No. 206.
Mr. Smyth
to Mr. Blaine.
Monrovia, Liberia, November 18, 1881. (Received December 23.)
Sir: At Liberia College, which, under the presidency of Hon. Edward W. Blyden, secretary of the interior, has recently entered upon a new and hopeful career of usefulness, on Wednesday, November 16, 1881, there was held an examination of the students, preparatory to the vacation season.
The class of freshmen acquitted themselves in a most creditable and satisfactory manner. They were examined in arithmetic, geography, Latin, Greek, Arabic, algebra, and physics.
The president of the republic and cabinet were present, the chief justice, distinguished citizens and a large concourse of citizens, the consul of the Netherlands and myself. President Blyden in a brief speech urged upon the people the importance of education as a means of advancing the state.
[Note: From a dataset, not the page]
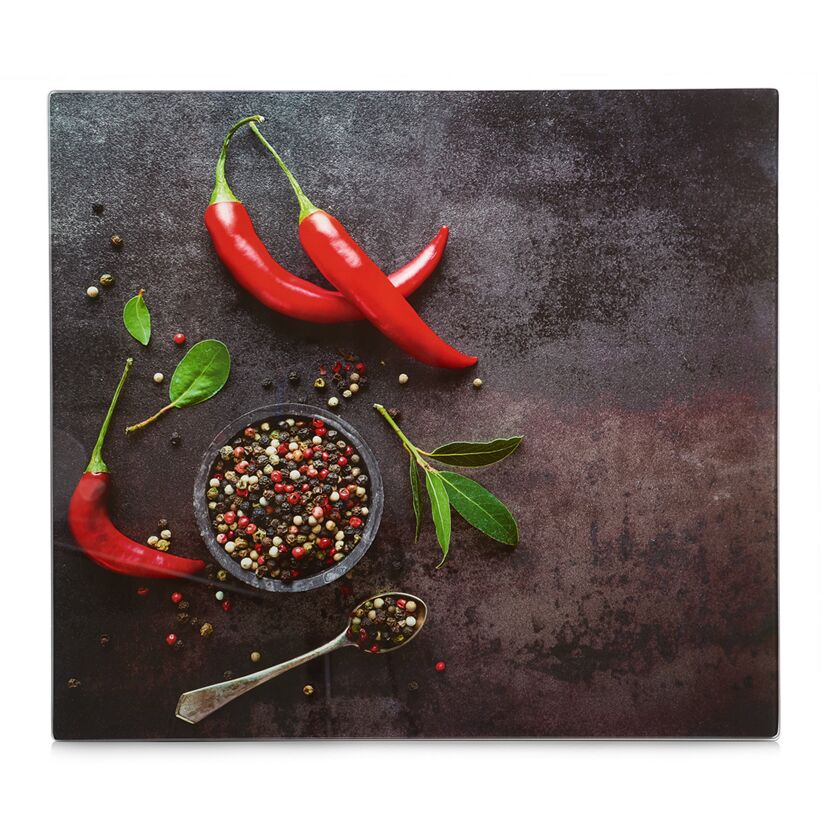 Chilischoten, Pfefferkörner und Lorbeerblätter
The President of Liberia spoke in eulogistic terms of the new impetus he believed would be given education through the college.
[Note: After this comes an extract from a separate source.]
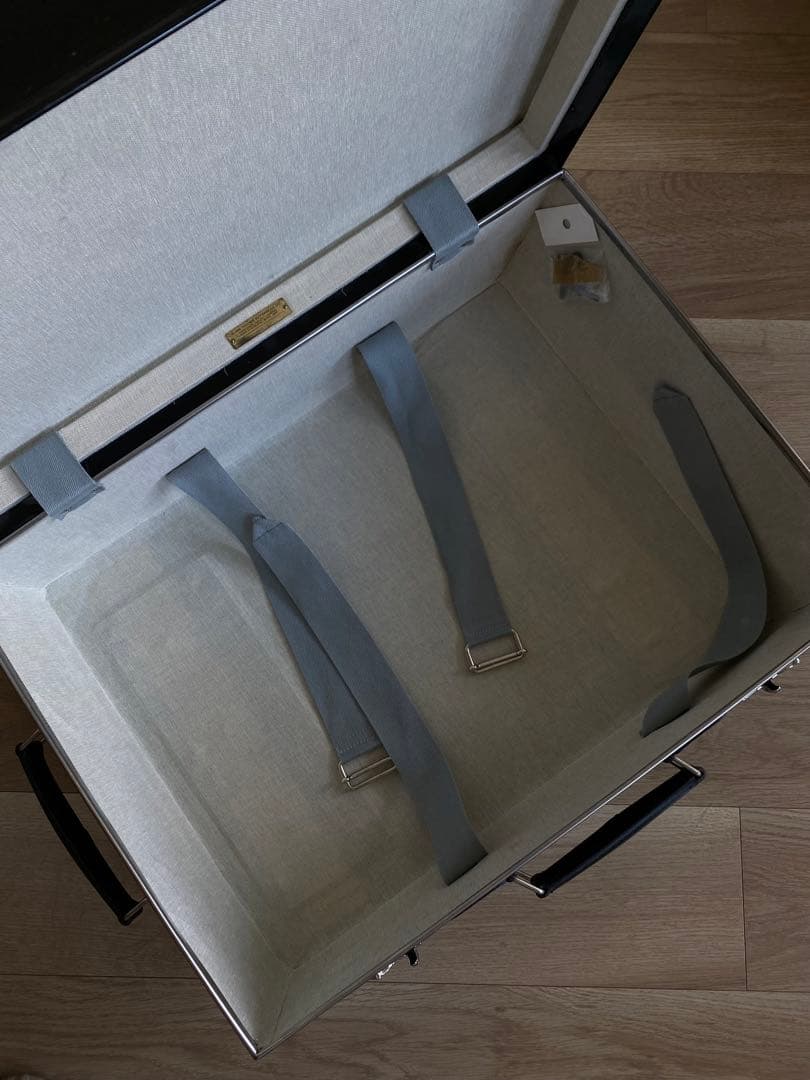 Gen　グローブトロッター　黒　キャリーケース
In response to the request of President Blyden, I made some remarks, in which I took occasion to point out the very rare opportunities the students of Liberia College enjoyed in receiving an education in Africa, and under the direction, instruction, and supervision of a negro gentleman such as President Blyden, whose purpose was not to make of them Saxons nor Celts, either in education or religion, but to fit them for the peculiar, important, arduous, but grand, work of being useful as negroes for the negro, of being useful in advancing civilization in Africa for Africa, and that it may be a power in the world. * * *
I said, “The work of the negro race and Africa is your work, the negroes’ work, and will not be done until the negro is fitted for its accomplishment by proper culture of heart and head, and full, untrammelled development of his racial instincts. Delay is not failure. The future for us is in the keeping of God. His work never fails. And, gentlemen, you no doubt, in the secrecy of your own reflections as future citizens of Liberia, ask yourselves to what end is this preparation, is this work. It has a special political bearing: The making of Liberia, in the language of my government, through the late Secretary of State, Hon. Win. M. Evarts, ‘what her rulers should value before all else, a thoroughly independent and strong power.’—(Dispatch No. 40, February 2, 1880). Says the present honored incumbent of the office of Secretary of State, Hon. James G. Blaine, in reply to a dispatch of mine, ‘Your views in the main reflect the desire of this government that Liberia should do everything which may be done to increase her strength and prosperity, by just measures looking to the development of her great natural resources.’ As future citizens, this is your work. By education, such as you are receiving, alone can this be successfully done.”
I concluded by assuring the assemblage of the very sincere interna my government has in the ultimate success of Liberia.